(Caption-style text data)
---
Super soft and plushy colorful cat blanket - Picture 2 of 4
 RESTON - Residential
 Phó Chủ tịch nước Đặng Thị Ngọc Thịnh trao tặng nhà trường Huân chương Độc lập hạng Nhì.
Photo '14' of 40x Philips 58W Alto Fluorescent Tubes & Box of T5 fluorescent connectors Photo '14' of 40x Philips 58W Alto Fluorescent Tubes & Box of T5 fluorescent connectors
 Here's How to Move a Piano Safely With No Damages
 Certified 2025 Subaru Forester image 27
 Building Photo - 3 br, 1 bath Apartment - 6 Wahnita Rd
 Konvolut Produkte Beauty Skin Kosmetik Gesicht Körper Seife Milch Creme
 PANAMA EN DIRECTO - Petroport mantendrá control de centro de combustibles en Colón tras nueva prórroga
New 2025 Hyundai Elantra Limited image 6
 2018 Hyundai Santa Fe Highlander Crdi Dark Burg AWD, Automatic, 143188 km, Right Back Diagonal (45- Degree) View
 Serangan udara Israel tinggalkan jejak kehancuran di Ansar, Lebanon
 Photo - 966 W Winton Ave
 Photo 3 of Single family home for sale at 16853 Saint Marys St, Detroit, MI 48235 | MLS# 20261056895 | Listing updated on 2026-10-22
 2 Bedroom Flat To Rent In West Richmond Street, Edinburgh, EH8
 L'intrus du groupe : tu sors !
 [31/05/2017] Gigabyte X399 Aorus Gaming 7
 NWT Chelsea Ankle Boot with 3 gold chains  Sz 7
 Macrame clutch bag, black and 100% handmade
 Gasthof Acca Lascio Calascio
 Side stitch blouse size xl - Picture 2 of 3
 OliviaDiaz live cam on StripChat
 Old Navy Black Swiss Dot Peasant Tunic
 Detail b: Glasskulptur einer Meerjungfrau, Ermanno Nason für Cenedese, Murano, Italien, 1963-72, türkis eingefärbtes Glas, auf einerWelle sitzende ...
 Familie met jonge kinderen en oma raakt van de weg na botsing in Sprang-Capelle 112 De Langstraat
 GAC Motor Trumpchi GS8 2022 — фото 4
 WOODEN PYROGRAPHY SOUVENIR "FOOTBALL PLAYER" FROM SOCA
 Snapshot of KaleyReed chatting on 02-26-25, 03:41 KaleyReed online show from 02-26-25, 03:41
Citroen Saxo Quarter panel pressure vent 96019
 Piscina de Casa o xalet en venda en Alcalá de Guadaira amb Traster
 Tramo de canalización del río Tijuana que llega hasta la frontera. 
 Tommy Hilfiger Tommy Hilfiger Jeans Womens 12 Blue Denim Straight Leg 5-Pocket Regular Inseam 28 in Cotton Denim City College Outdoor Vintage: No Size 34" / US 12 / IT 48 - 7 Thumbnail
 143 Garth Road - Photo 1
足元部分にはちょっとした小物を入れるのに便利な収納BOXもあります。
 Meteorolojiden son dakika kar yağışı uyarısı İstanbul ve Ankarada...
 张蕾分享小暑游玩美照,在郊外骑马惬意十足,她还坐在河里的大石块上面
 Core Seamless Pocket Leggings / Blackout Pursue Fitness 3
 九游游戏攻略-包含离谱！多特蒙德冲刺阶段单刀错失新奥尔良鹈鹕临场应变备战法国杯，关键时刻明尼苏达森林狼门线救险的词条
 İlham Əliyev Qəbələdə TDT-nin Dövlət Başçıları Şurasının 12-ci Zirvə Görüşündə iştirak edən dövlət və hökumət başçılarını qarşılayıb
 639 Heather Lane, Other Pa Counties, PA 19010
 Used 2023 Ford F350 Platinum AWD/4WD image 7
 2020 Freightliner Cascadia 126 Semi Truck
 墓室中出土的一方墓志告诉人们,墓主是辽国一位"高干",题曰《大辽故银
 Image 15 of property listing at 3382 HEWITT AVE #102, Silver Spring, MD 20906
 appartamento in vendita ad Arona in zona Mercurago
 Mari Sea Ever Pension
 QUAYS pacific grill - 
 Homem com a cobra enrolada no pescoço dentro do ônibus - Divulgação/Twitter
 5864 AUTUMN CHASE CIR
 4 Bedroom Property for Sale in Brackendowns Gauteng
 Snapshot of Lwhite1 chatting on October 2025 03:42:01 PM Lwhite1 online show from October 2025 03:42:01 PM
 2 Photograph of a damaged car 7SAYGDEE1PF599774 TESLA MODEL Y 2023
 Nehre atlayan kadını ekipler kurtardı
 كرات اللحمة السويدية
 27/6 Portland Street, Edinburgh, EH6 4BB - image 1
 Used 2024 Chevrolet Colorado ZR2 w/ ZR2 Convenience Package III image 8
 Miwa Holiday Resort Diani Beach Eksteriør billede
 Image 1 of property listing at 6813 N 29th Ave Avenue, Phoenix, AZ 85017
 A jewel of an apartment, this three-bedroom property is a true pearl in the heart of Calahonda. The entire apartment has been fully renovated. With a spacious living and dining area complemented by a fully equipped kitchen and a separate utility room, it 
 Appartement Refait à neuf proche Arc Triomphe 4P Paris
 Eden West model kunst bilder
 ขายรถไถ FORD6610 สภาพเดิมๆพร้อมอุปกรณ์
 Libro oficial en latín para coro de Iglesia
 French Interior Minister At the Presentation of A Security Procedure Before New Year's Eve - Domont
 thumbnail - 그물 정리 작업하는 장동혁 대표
---
Work to complete >> In your answer, include only the lines above starting at the line that holds "Tommy Hilfiger Tommy" and ending at the line that holds "İlham Əliyev Qəbələdə", copied exactly.

Task answer >>
 Tommy Hilfiger Tommy Hilfiger Jeans Womens 12 Blue Denim Straight Leg 5-Pocket Regular Inseam 28 in Cotton Denim City College Outdoor Vintage: No Size 34" / US 12 / IT 48 - 7 Thumbnail
 143 Garth Road - Photo 1
足元部分にはちょっとした小物を入れるのに便利な収納BOXもあります。
 Meteorolojiden son dakika kar yağışı uyarısı İstanbul ve Ankarada...
 张蕾分享小暑游玩美照,在郊外骑马惬意十足,她还坐在河里的大石块上面
 Core Seamless Pocket Leggings / Blackout Pursue Fitness 3
 九游游戏攻略-包含离谱！多特蒙德冲刺阶段单刀错失新奥尔良鹈鹕临场应变备战法国杯，关键时刻明尼苏达森林狼门线救险的词条
 İlham Əliyev Qəbələdə TDT-nin Dövlət Başçıları Şurasının 12-ci Zirvə Görüşündə iştirak edən dövlət və hökumət başçılarını qarşılayıb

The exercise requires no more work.